**ACTIVITY**
Go to the line that contains "Connect Soft Modular" in the listing below, then output it and every line after it exactly, omitting pictures.

**DATASET EXTRACT**
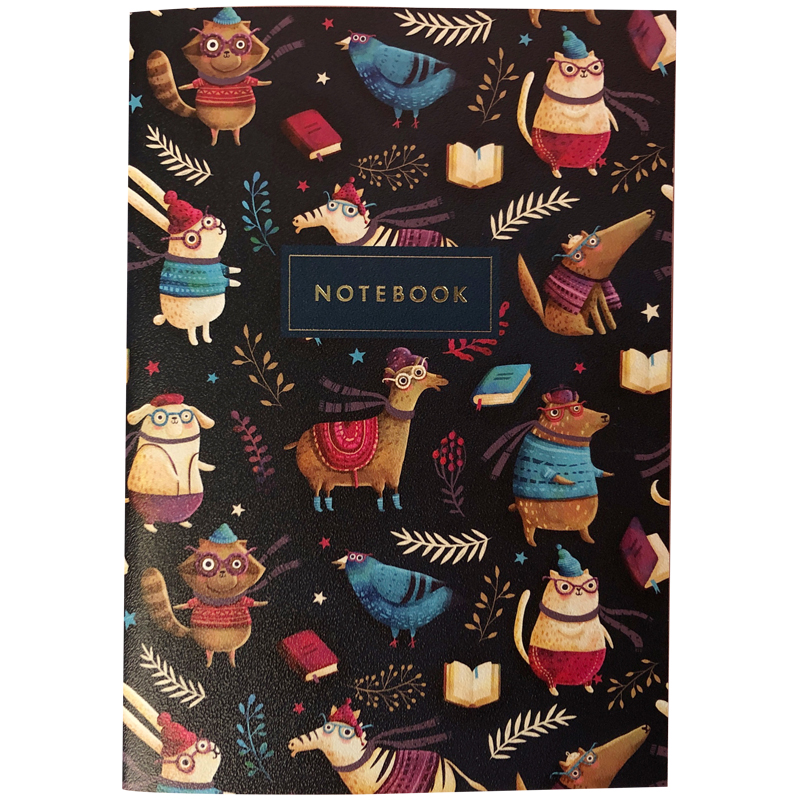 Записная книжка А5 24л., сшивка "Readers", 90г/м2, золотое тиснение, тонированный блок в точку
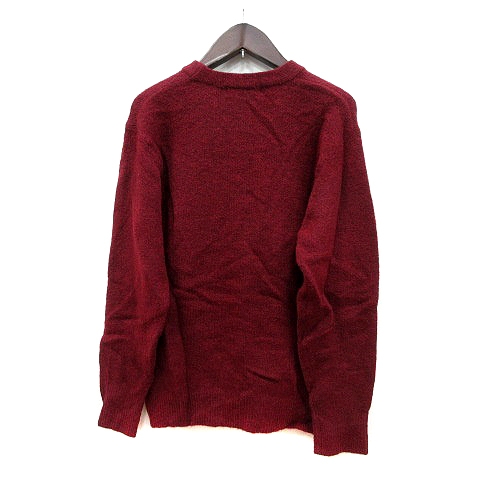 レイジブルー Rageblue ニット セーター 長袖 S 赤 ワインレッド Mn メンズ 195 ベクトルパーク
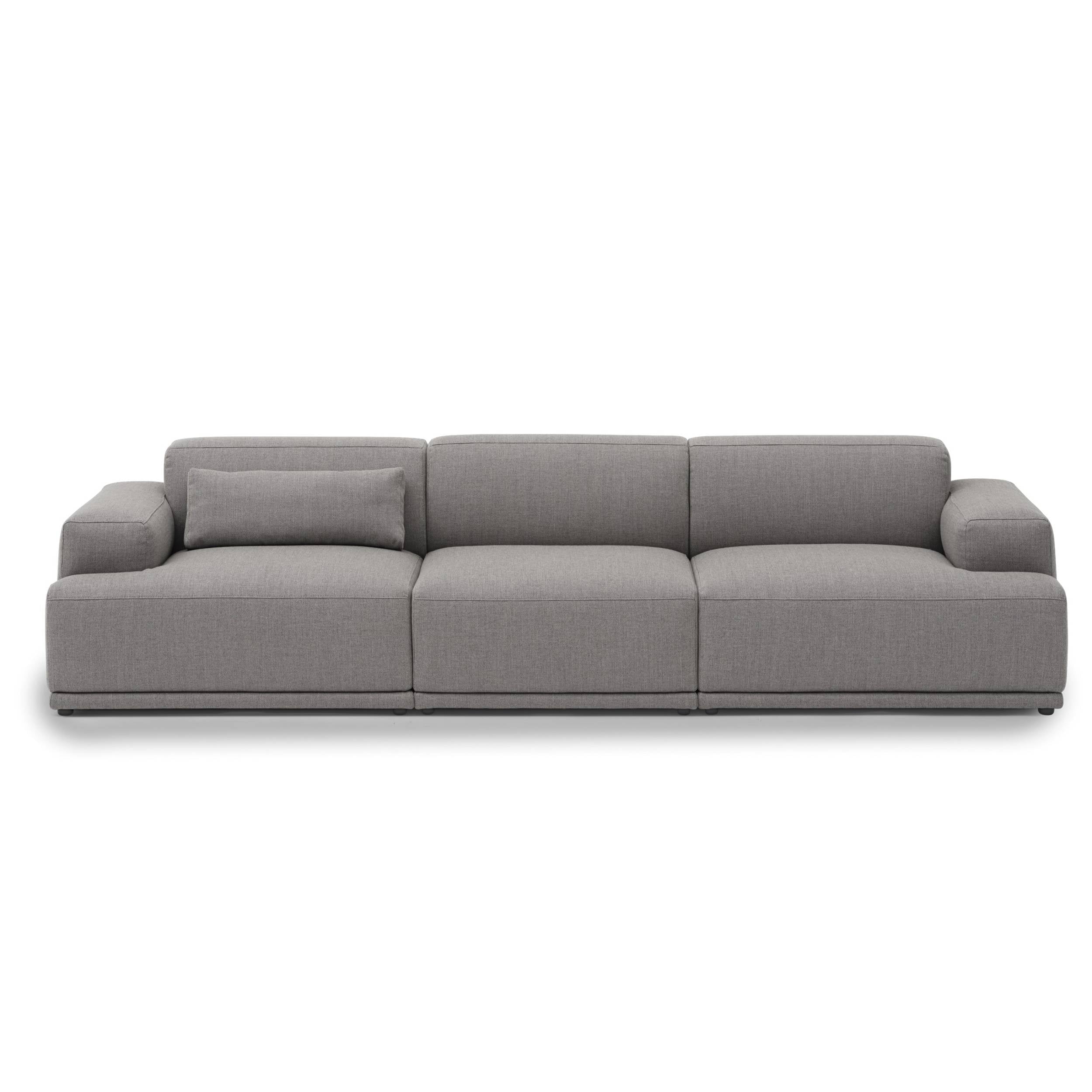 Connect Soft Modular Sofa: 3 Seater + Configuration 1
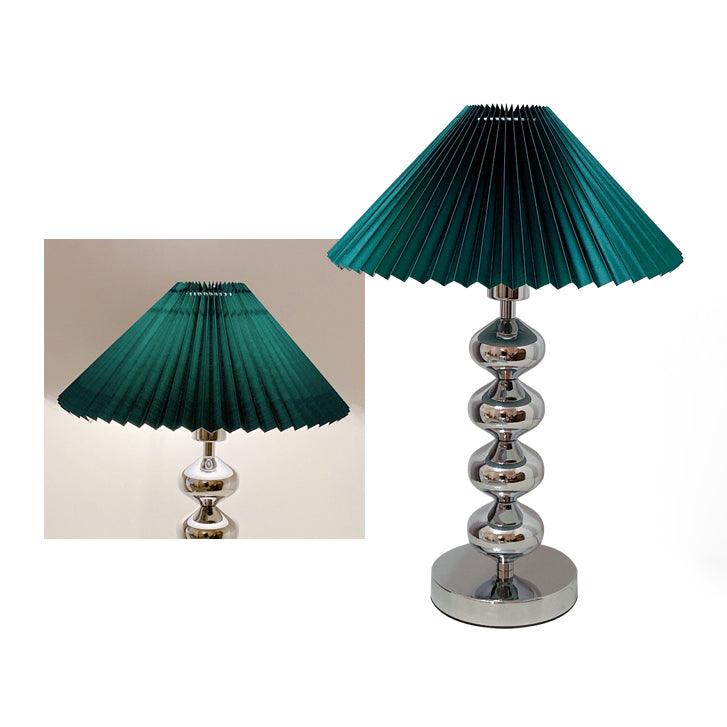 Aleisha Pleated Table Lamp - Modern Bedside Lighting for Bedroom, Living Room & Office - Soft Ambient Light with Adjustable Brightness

**THE COMPLETED TASK**
 Connect Soft Modular Sofa: 3 Seater + Configuration 1
 Aleisha Pleated Table Lamp - Modern Bedside Lighting for Bedroom, Living Room & Office - Soft Ambient Light with Adjustable Brightness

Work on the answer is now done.